The next question will come from Patrick Donnelly of Citi. Your line is open.
Hey, guys, thank you for taking the questions. Sam, maybe one on LifeLabs, nice to see that close early. Can you just talk a little about both the margin impact that you see near term there, I know obviously accretive to earnings, but just the margin impact; and then the progression on the earnings accretion as we get into next year? I know there’s some accounting stuff that maybe holds it back a little bit and then it should step up, but it would be helpful just to talk through that profile. And then lastly just Jim, on the M&A side, since we’re on the topic. What does the pipeline look like? Should we expect continued smaller deals versus something like LifeLabs, being a much larger one, and what you’re seeing there? Thank you, again.

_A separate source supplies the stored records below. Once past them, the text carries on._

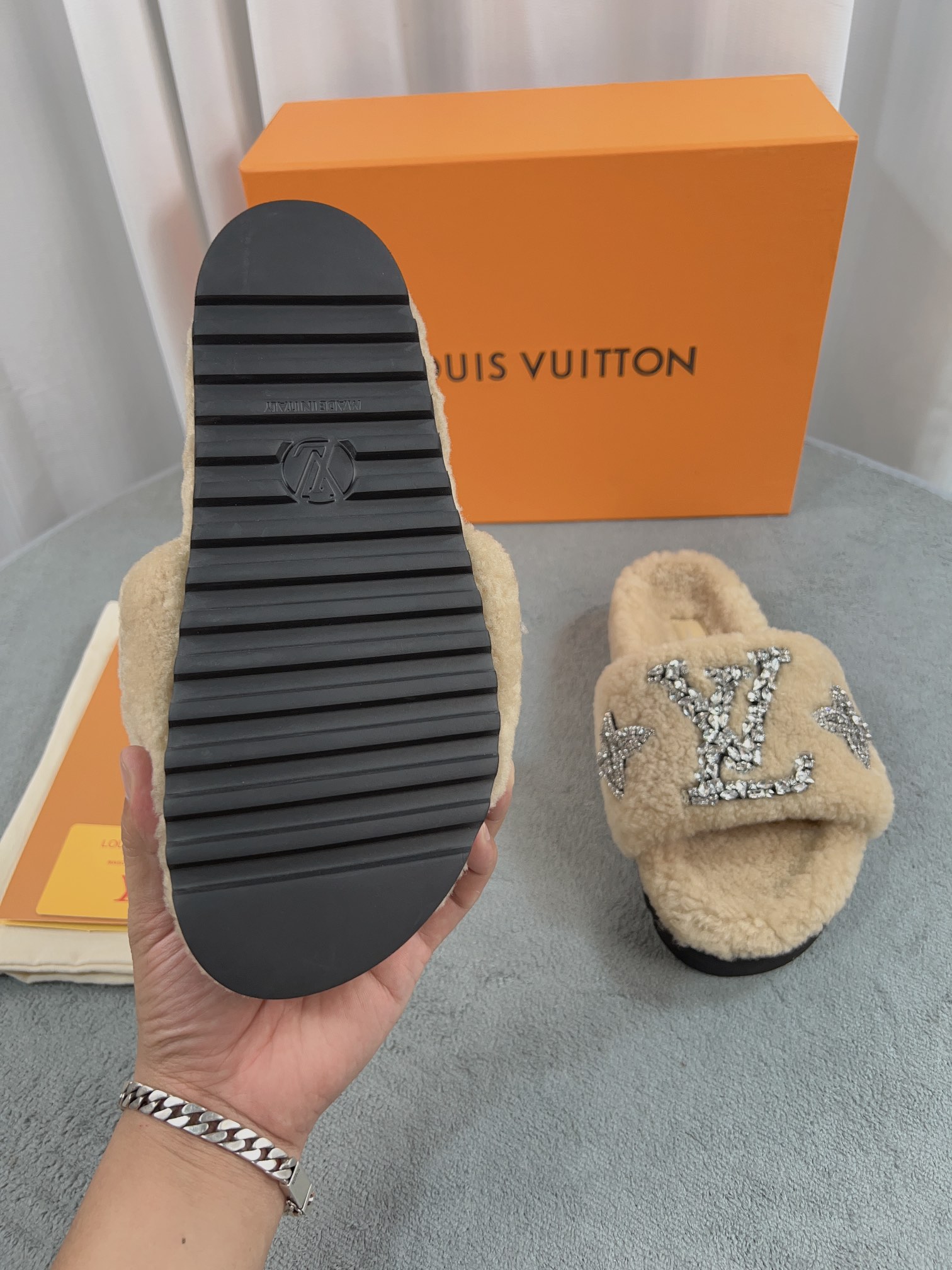 LV 高仿毛絨拖鞋 米色水鑽刺繡款｜歐美奢侈品精品推薦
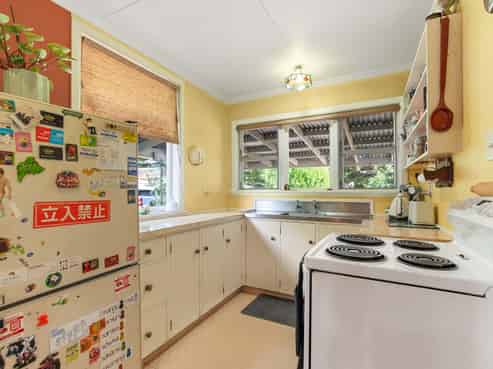 136 Lincoln Road, Carterton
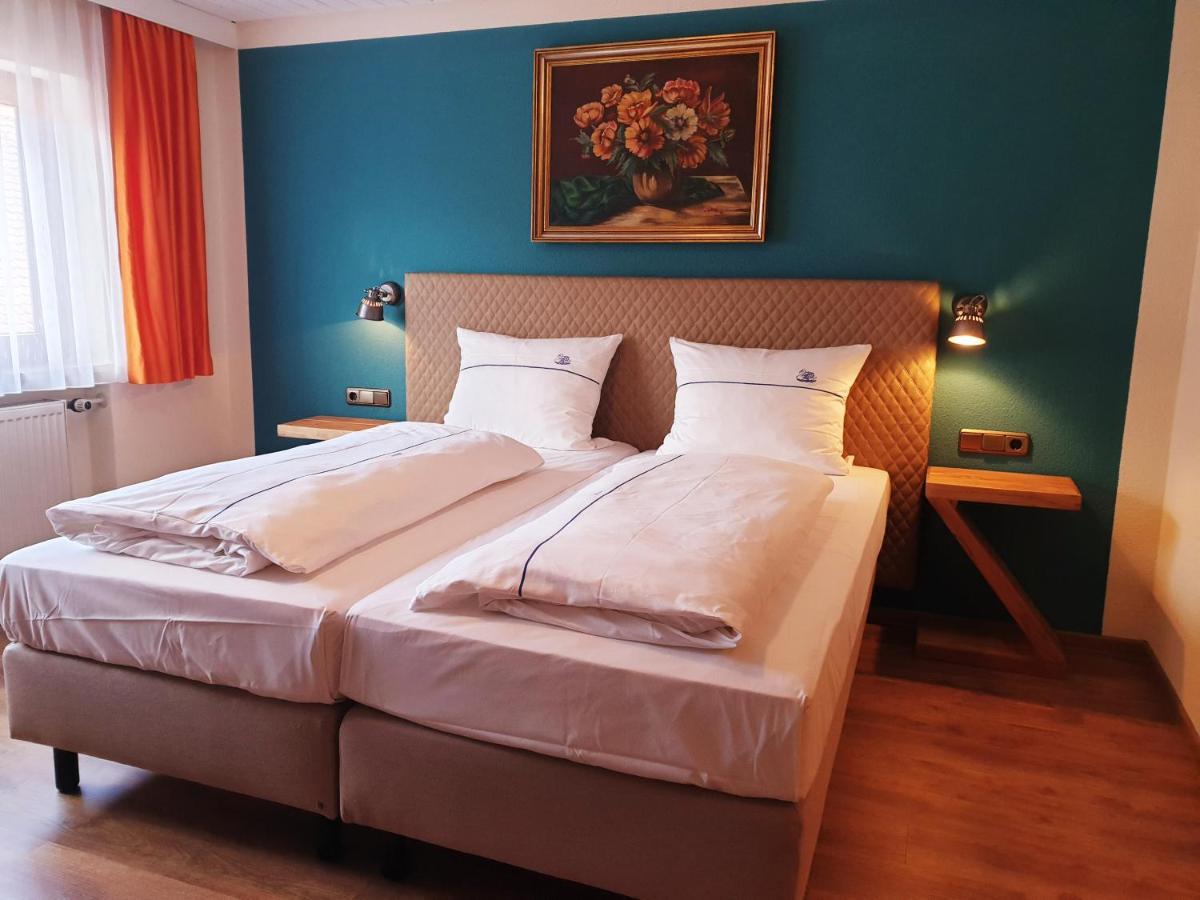 Hotel Gasthof Zum Schwan Steinsfeld Екстериор снимка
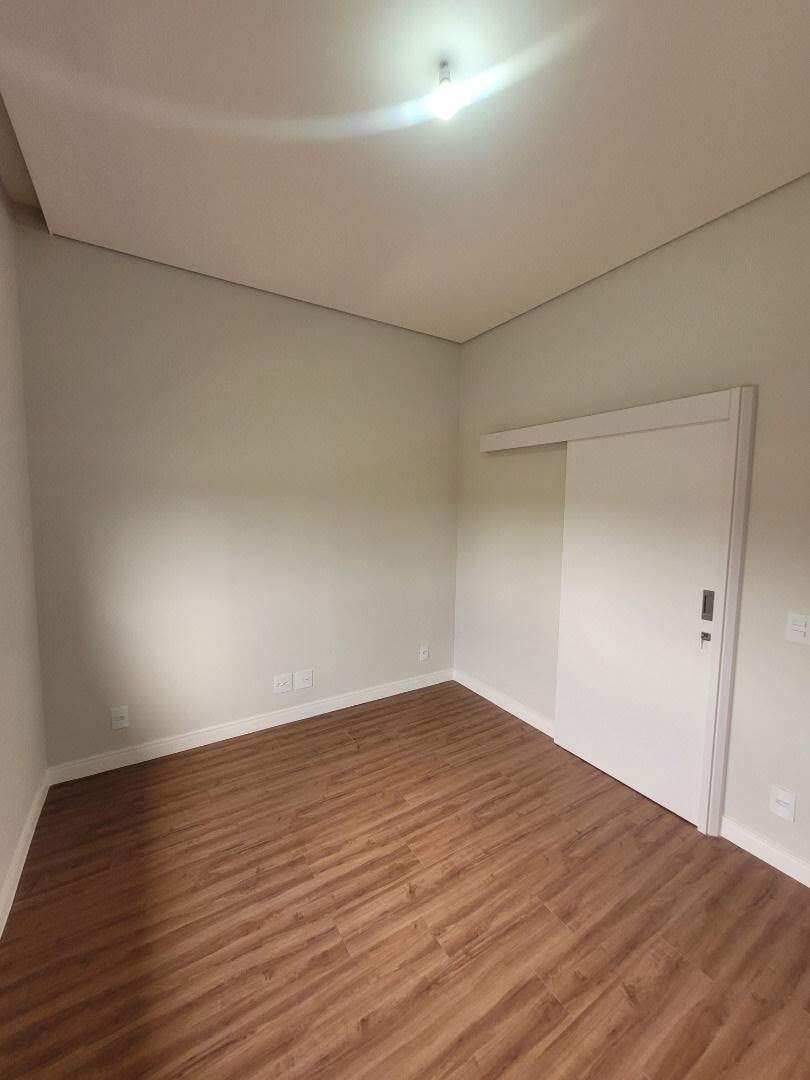 Casa no Condomínio Villas do Golfe, em Itu disponível para à venda | Grupo Kaion: 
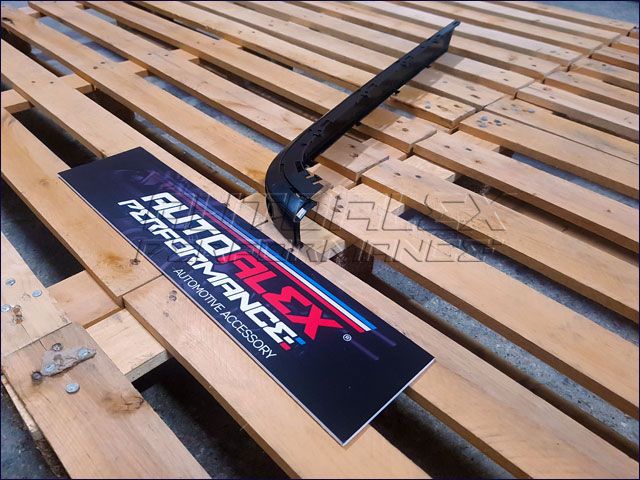 Moldura Trasera IZQ PDC BMW E38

Good morning, Patrick. I will briefly discuss operating margins first and then address how LifeLabs affected our results in the third quarter and our outlook moving forward. In the third quarter, our operating margins stood at 15.5%, which adjusted for weather would be closer to 16%. Both weather-related factors and CrowdStrike had an impact of about 50 basis points. There was also a slight negative contribution from LifeLabs during the quarter since we had approximately five weeks of LifeLabs revenue included. The profitability from this deal is on the rise, though initial adjustments, including some accounting changes, are still in play. We anticipate an increase in the margin profile from this deal over time. We previously mentioned a potential earnings per share increase of $0.10 to $0.15 in the first year, based on the assumption that the deal would close at the end of the year, allowing a full year for 2025. Since the deal closed a bit earlier, we will provide more details in our fourth-quarter call regarding expectations for 2025. Overall, I want to emphasize that while the operating margin at the start will be lower than our overall enterprise margin and will dilute margin rates, it will positively impact operating margin dollars and earnings per share. Over the next two to three years, we expect it to align with Quest's operating margins, but this will take time. Therefore, I recommend focusing on the increase in operating margin dollars and earnings per share from the deal, rather than short-term operating margin rates.
Yes, Patrick, regarding your question about the funnel and the M&A pipeline, it remains strong with numerous discussions happening with various health systems across the country. Currently, we are in a phase of integrating and digesting the deals we have recently completed, including the lab assets from PathAI, Allina Health System, Ohio Health, University Hospitals, the three physician office labs in New York, and LifeLabs. We are diligently working on integrating these assets to achieve the margin accretion we have previously discussed. Our interest in small outreach deals remains, and we are always on the lookout for those opportunities.
The next question will come from Pito Chickering of Deutsche Bank. Your line is open.
Hey, good morning guys. Can I go back to the questions on Elevance and Sentara Health, on those contracts you talked about earlier? I guess, why weren’t you in those contracts previously? Did you have to give any pricing concessions in any states in order to go in those markets, or did you give pricing concessions to enter the states? Who was previously servicing those patients? It’s just been a long time since we’ve seen such large managed care contract wins for you guys, so just curious whether other central labs servicing these guys or is it simply payors pushing large labs, who take share from hospital-based labs? Thanks so much.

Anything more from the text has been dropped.